The first sign of confusion came with the Prime Minister’s announcement that there would be an ‘opt-in’ for those faiths wishing to perform same sex marriages; contrary to the original commitment this would only apply to civil marriage.
In an attempt to push its agenda through and address the concerns of the established church, the Government’s official statement to Parliament has only muddied the waters further. The Minister announced that a ‘quadruple lock’ would protect the established church and others that wish to carry on solemnising marriages according to their own tradition and doctrine, free from threat of legal action.
The quadruple lock:
Ensures that no religious organisations or ministers can be compelled to marry same-sex couples or to permit this to happen on their premises.
Provides an opt-in system.
Amends the Equality Act 2010 so that discrimination claims cannot be brought.
Ensures that legislation will not affect the canon law of the Church of England or the Church in Wales.
The purpose of the fourth lock is not actually to “ban” the established church from opting in, but to ensure that there is no conflict between canon law and statute, which would bring about a constitutional contradiction. So by stating that the Government would make same-sex marriage “illegal” for the Church of England to opt in the Minister was simply wrong, which led to mistaken media-commentary about the Church of England being banned from opting in to same-sex marriage.
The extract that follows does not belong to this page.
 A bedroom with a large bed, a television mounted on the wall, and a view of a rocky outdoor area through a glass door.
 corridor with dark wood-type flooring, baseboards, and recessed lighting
To “opt in” the Church of England would legislate in Synod, producing a Measure (the equivalent of an Act of Parliament). Synod Measures require parliamentary consent and the Synod's powers include the ability to amend Westminster legislation, as the Church pointed out in a briefing note to MPs “it would not require separate, additional legislation on the part of Parliament to enact any change to the Church's practice on marriage…For Parliament to give the Church of England an opt-in to conduct same sex marriages that it hasn't sought would be unnecessary, of doubtful constitutional propriety and introduce wholly avoidable confusion.”
At the same time the Government did not appear to understand the unique position of the Church of Wales, which it wrongly described as ‘established’. It is proposed to make it subject to the lock; but, while it retains the power to license marriages, being disestablished it cannot initiate legislation if it wishes ever to opt in. Therefore, while religious freedom is protected for the established church in England, the religious freedom of the non-established Anglican Church in Wales risks being curtailed.
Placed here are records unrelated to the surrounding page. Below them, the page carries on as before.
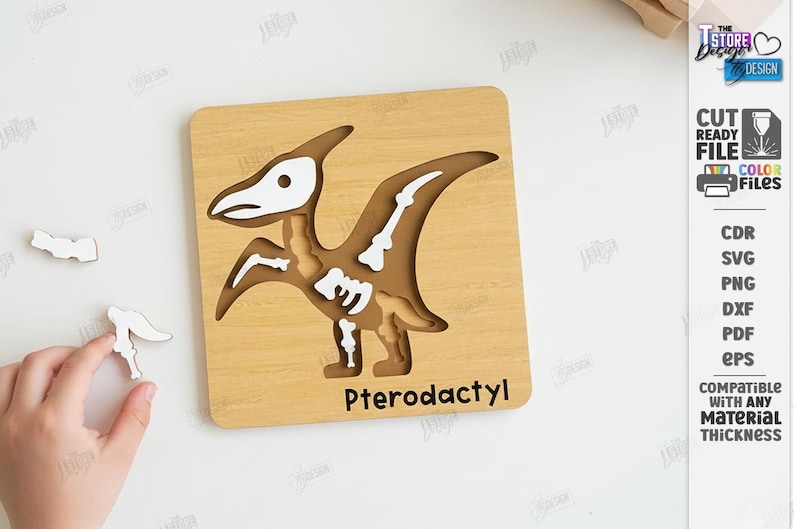 K&ouml;nnte beinhalten: Holzpuzzle Pterodactyl mit Dinosaurier-Skelett-Design. Das Puzzle ist hellbraun mit wei&szlig;en und braunen Details. Das Wort "Pterodactyl" ist unten aufgedruckt. Enth&auml;lt schnittfertige Dateien.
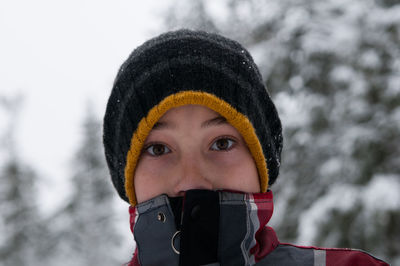 Portrait of person in knit hat during snowfall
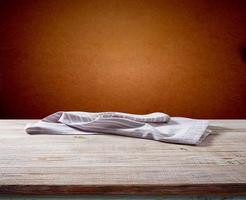 servilleta blanca, mantel sobre maqueta de cubierta de madera. foto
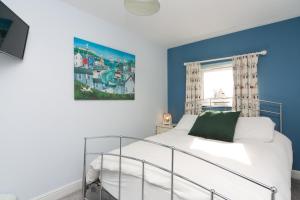 a bedroom with a white bed and a blue wall at Cosy seaside cottage in Criccieth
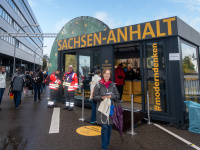 Informationspavillon des Landes Sachsen-Anhalt mit gelber Aufschrift und Besuchern vor Ort in Saarbrücken.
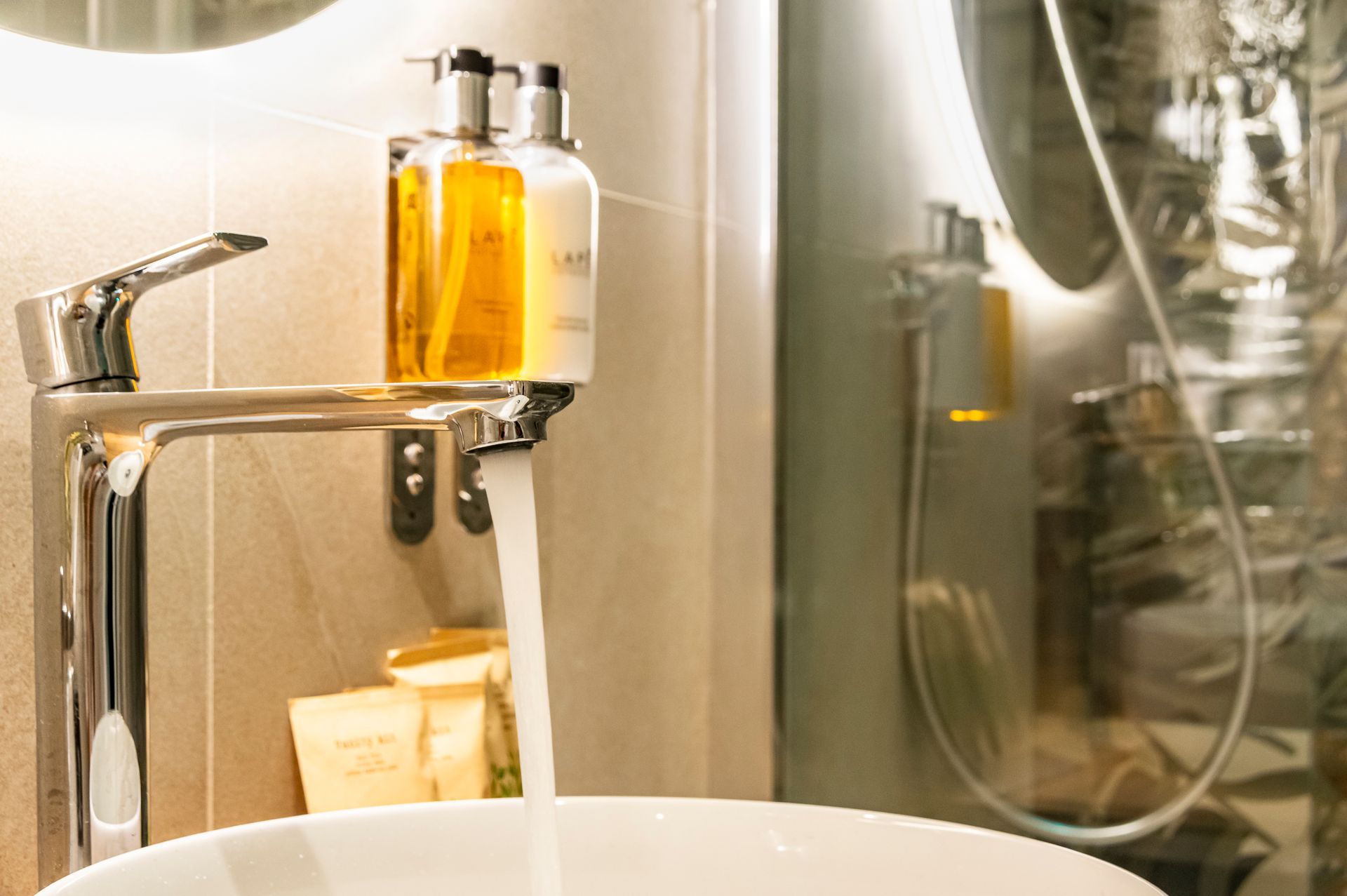 Un lavandino del bagno con un distributore di sapone a parete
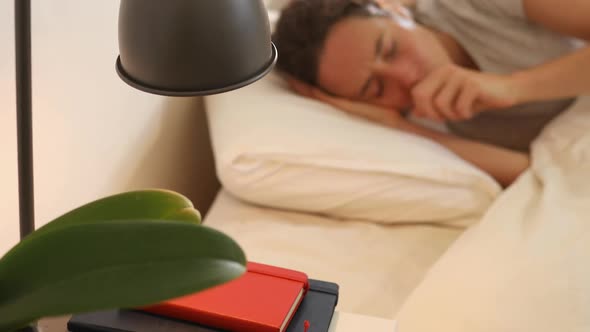 Senior Caucasian woman and her daughter sitting by a table in an apartment alt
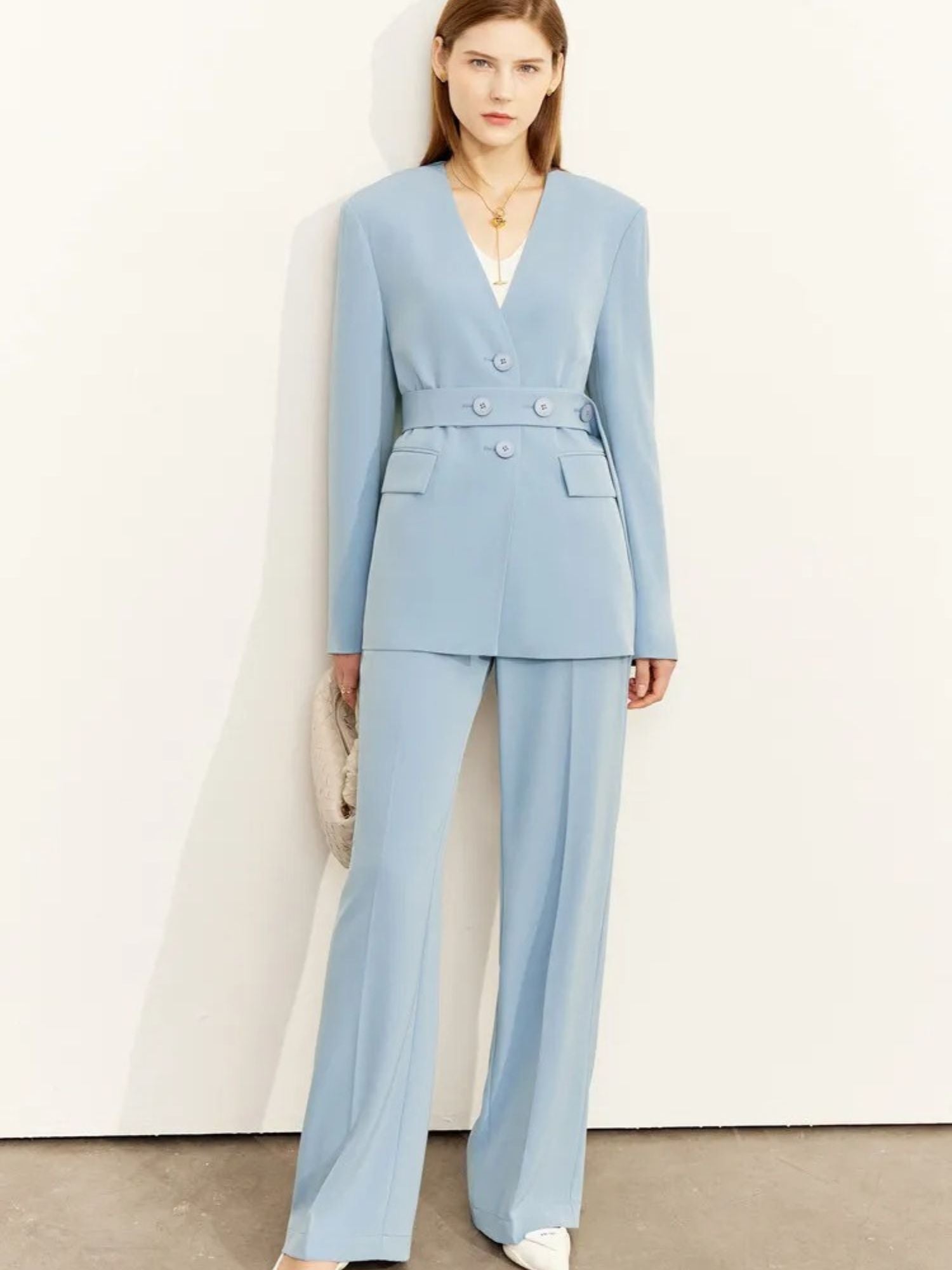 Light blue blazer and wide-leg trousers styled with white blouse and heels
In any event, the consequence of these proposals would be for the state, for the first time ever, to redefine the nature of marriage and thereby create two types of marriage. Marriage as we know it to be for millennia, protected by the churches, and a new sort of marriage, administered by the State, the Quakers, Unitarians and Liberal Judaism. The majority of faiths would thereby continue with marriage between man and woman, while the rest of the country would go down its own route, breaking the single institution of marriage into the status quo (maintained by churches) and a new form of marriage for those married outside most churches.
Let the Country Decide
Worse, as many signatories across all parties have put in an open letter to the Telegraph, this attack on an ancient institution has no democratic mandate. There was no clear commitment in the governing parties’ manifestos. The petition of some 600 thousand plus to retain the current definition of marriage appears to have been ignored as part of the consultation. The polls are ambiguous as to whether a majority favour this proposal. Surely, without a mandate and for such a controversial change the public should decide. Otherwise many will feel the new marriage has been imposed upon them.
While the political and media class may see this as a mere tidying up exercise to complete the equalities agenda, this is exceptionally controversial for many voters. If David Cameron wants to prove politicians aren't out of touch on this issue, and if he wants the policy to have full public backing, he should put his idea to the country in a referendum.